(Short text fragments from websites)
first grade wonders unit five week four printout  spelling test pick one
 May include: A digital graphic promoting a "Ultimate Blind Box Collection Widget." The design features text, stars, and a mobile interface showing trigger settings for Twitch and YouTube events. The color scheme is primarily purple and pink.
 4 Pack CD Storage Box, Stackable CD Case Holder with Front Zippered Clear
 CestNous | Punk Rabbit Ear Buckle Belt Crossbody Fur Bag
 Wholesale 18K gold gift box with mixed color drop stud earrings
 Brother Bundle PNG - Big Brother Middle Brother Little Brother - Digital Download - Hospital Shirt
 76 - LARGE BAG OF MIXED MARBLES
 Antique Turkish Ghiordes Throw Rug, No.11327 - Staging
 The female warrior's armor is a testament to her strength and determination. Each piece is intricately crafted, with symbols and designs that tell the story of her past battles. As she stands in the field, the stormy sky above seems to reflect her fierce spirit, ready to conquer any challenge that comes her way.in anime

### ACTION ITEM
Pull out all lines in the data above that include "with".

### COMPLETED EXERCISE
 4 Pack CD Storage Box, Stackable CD Case Holder with Front Zippered Clear
 Wholesale 18K gold gift box with mixed color drop stud earrings
 The female warrior's armor is a testament to her strength and determination. Each piece is intricately crafted, with symbols and designs that tell the story of her past battles. As she stands in the field, the stormy sky above seems to reflect her fierce spirit, ready to conquer any challenge that comes her way.in anime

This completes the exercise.